Ora è il tempo: in quanto è maggiore necessità che fusse già grandissimi tempi o mai nella Chiesa di Dio; in quanto il mondo più abonda dei vizii, tutto è avelenato, in tanto che non si trova dove altri possa posare lo capo altro che in Cristo crocifisso. Non voglio che allentiate lo santo desiderio che avete e che dovete avere, di fare il debito nell'offizio vostro, né per inganno di demonio, che vi volesse fare vedere che il meglio fosse conformarvi con li costumi degli altri, o che tempo non fusse di correggere li vizii delli sudditi vostri, e massimamente le immondizie e ribaldarie le quali trovansi nei cherici (propriamente sareste uno demonio, perché vi scordareste dalla volontà di Dio, e conformarestevi con la sua); né per detto di creatura che volesse dire: «Discende di questa croce, non volere portare affanno, poiché te ne seguitarà pena e forse la morte. Se tu sostieni, i sudditi ti credaranno, e possiderai in pace lo beneficio tuo». Col timore santo risponda al timore servile, e alle creature che con queste parole spaventano la sensualità: «Or non sono io mortale? or non posso io rivocare questa morte? Sì bene: nel dì de la resurrezione. Ma la morte eterna, la quale per questo mi seguirebbe, non posso io mai reparare: agiungervi sì, cruciando il corpo il dì della resurrezione. Perciò meglio m'è di ponere la vita, e seguire Cristo crocifisso»; e con fede viva credere in verità che per lui potrete ogni cosa. Né voglio che voi lasciate, per ingratitudine loro, mai di subvenirli e procacciare la vita loro, iuxta il vostro potere.

Siatemi vero e perfetto ortolano in divellere li vizii e piantare le virtù in questo giardino: per questo v'ha Dio ora, di nuovo, posto e chiamato.
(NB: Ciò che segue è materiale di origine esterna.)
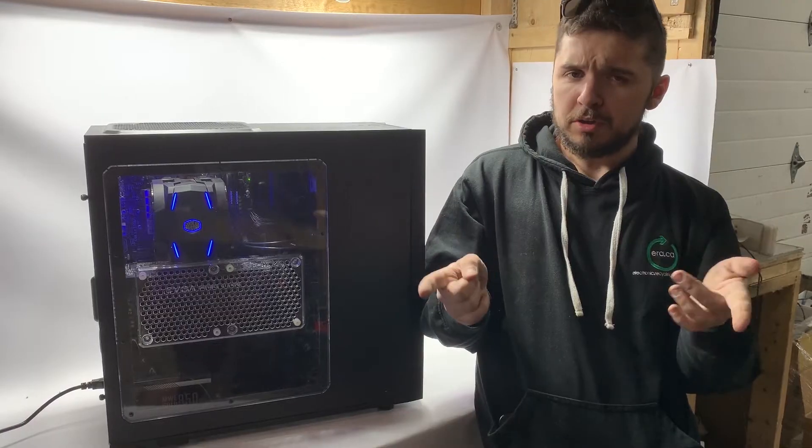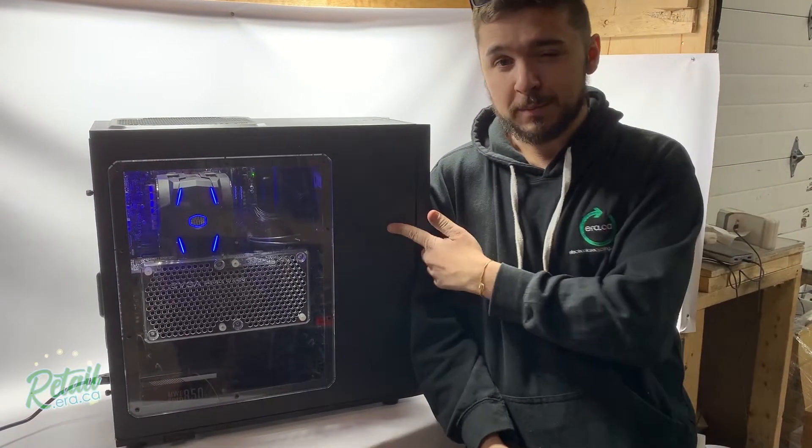Hey guys, it's Mike from retail.era.ca. You know we have servers, you know we have used electronics — did you also know we have gaming PCs?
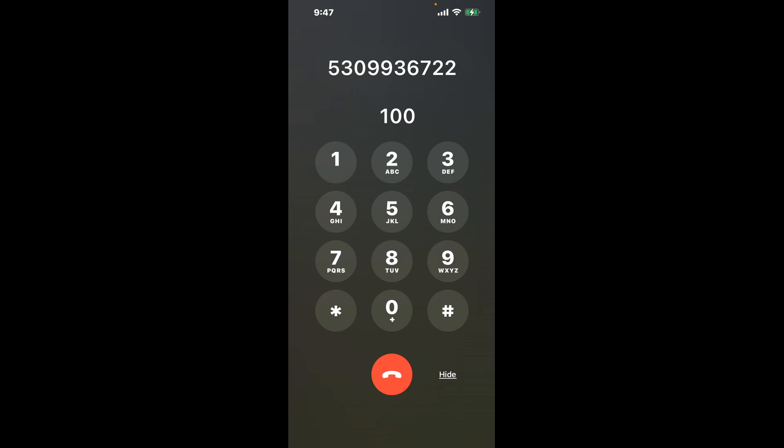First, dial the phone number 530-993-6722. Once connected, here's a neat trick to bypass the automated messages: dial the combination 100. This shortcut is a quick hack to get you through the menu.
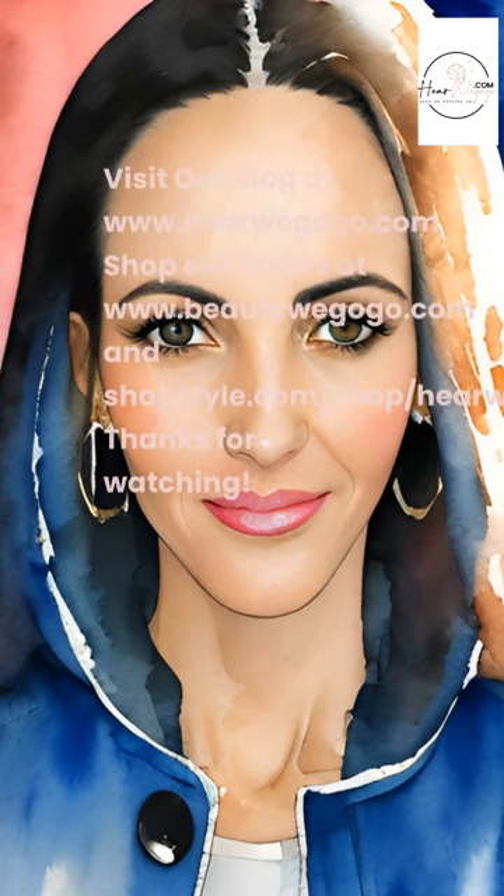Visit our blog at www.herewegogo.com. Shop our stores at www.beautywegogo.com and eventshopstyle.com/shop/herewegogo. Thanks for watching.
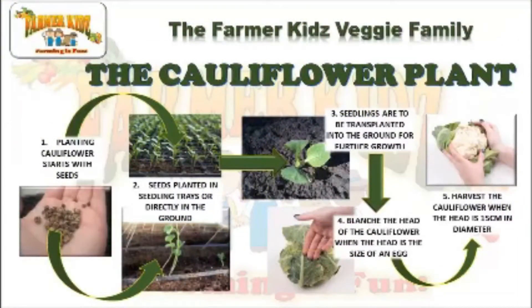The Cauliflower plant: Planting cauliflower starts with seeds. Seeds can be planted in seedling trays or directly into the ground. Seedlings are to be transplanted into the ground for further growth. Blanch the head of the cauliflower when the head is the size of an egg. Harvest the cauliflower when the head is 15 cm in diameter.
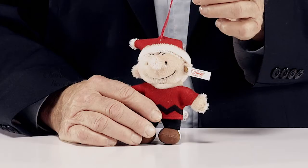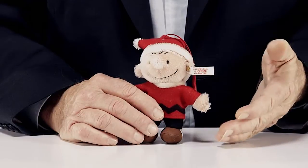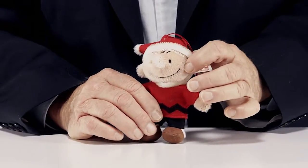No one would be happier to be invited to your holiday celebration than Charlie Brown. Following in the footsteps of the successful Snoopy and Woodstock series, Stife proudly presents the next edition in the Peanuts collection.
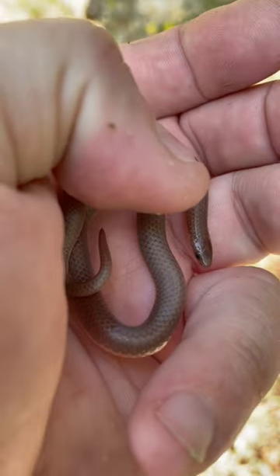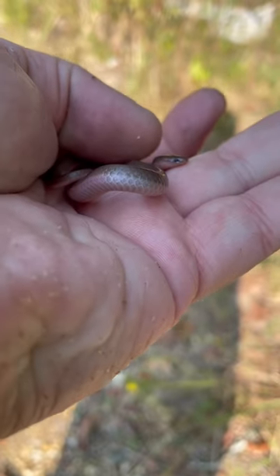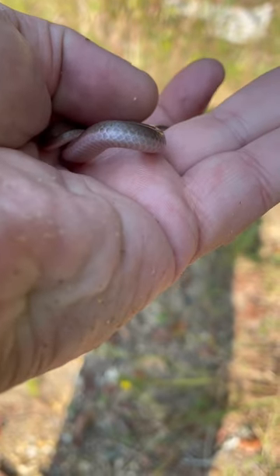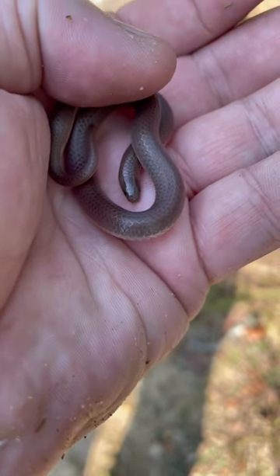They have a really cool stomach. The color on their stomach is pretty cool — it's like a nice peach color. Let's let him go. He's pretty cool.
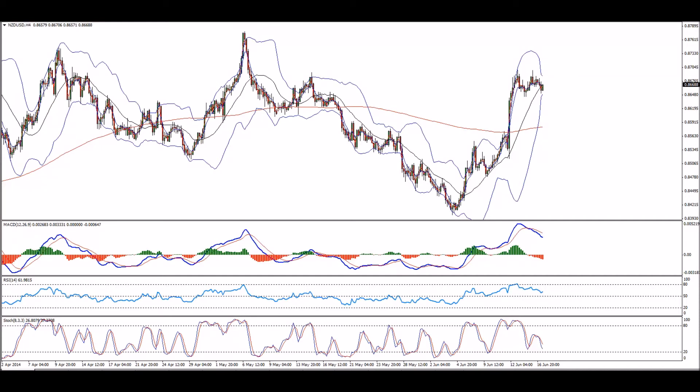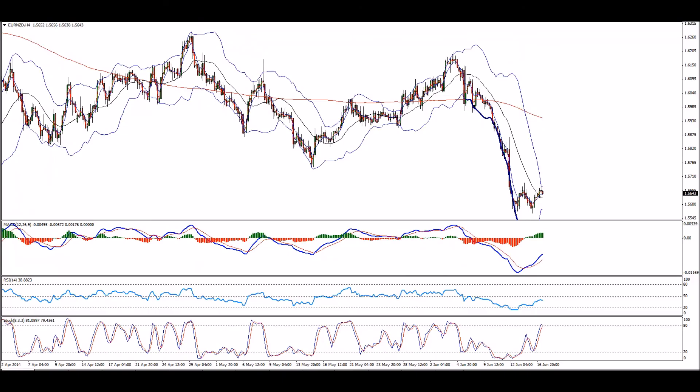One more pair to follow from the New Zealand family is of course Euro against New Zealand Dollar. I think this pair is going down.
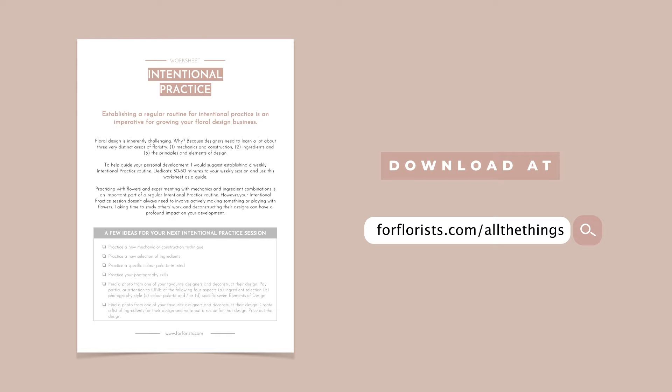I've put together a super helpful worksheet so that you'll make intentional practice more of a regular habit. You can download it at forflorist.com/all-the-things — the link is in the description below. Put in your email address and you'll get access to my intentional practice worksheet plus 20 other tools and resources.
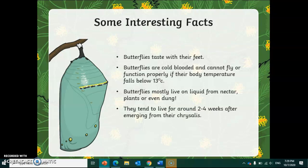Butterflies only tend to live for two to four weeks after emerging from their chrysalis. So they're only alive for a couple of weeks, lay their eggs, and then unfortunately they die.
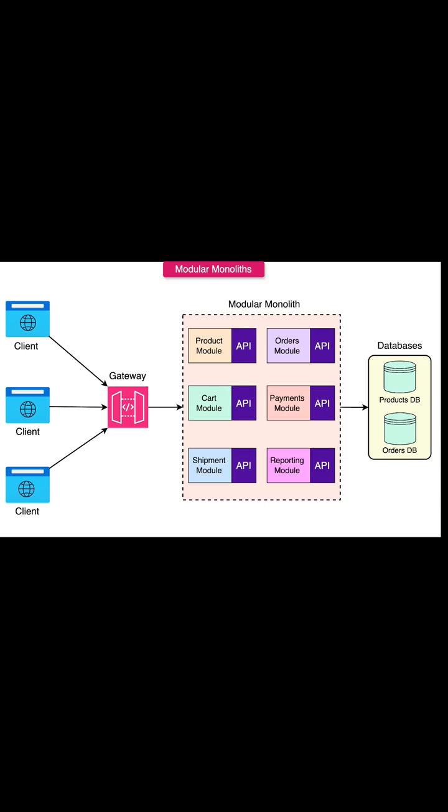They strike a sustainable middle ground: easy to start, easy to evolve, and you can extract modules later if needed.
Siate Perciò tutto virile a rendare il debito vostro. Son certa che se arete vero lume, lo farete compitamente; altrementi, no. E però vi dissi che io desiderava di vedervi illuminato d'uno vero e perfettissimo lume.

Pregovi per amore di Cristo crocifisso e di quella dolce madre Maria, che vi studiate di compire di voi la volontà di Dio e il desiderio mio, e allora reputarò beata l'anima mia. Non è più tempo da dormire, ma da destarsi dal sonno della negligenzia, e levarsi dalla cecità della ignoranza; e realmente sposare la verità coll'anello della santissima fede, non tacendola per veruno timore, ma largo e liberale, disposto a dare la vita, se bisogna; tutto ebbro del sangue de l'umile e immacolato Agnello, traendolo delle mamille de la dolce Sposa sua, cioè della santa Chiesa, la quale vediamo tutta smembrata. Ma spero nella somma ed eterna bontà di Dio che le rendarà i membri sani e non infermi, odoriferi e non putridi; e fabricarannosi questi membri sopra le spalle dei veri servi di Dio amatori della verità, con molti labori e sudori e lacrime, e umile e continova e fedele orazione. Altro non vi dico. Confortatevi in croce con Cristo dolce Gesù.

Umilemente mi vi racomando.

Rimanete nella santa e dolce carità di Dio. Gesù dolce, Gesù amore.

Siate uno padrone in cotesta città ad annunziare virilmente la verità di papa Urbano VI, sommo e vero pontifice; e in tutto vi studiate di mantenergli nella fede,obbedienza e reverenzia della santa Chiesa e della sua Santità.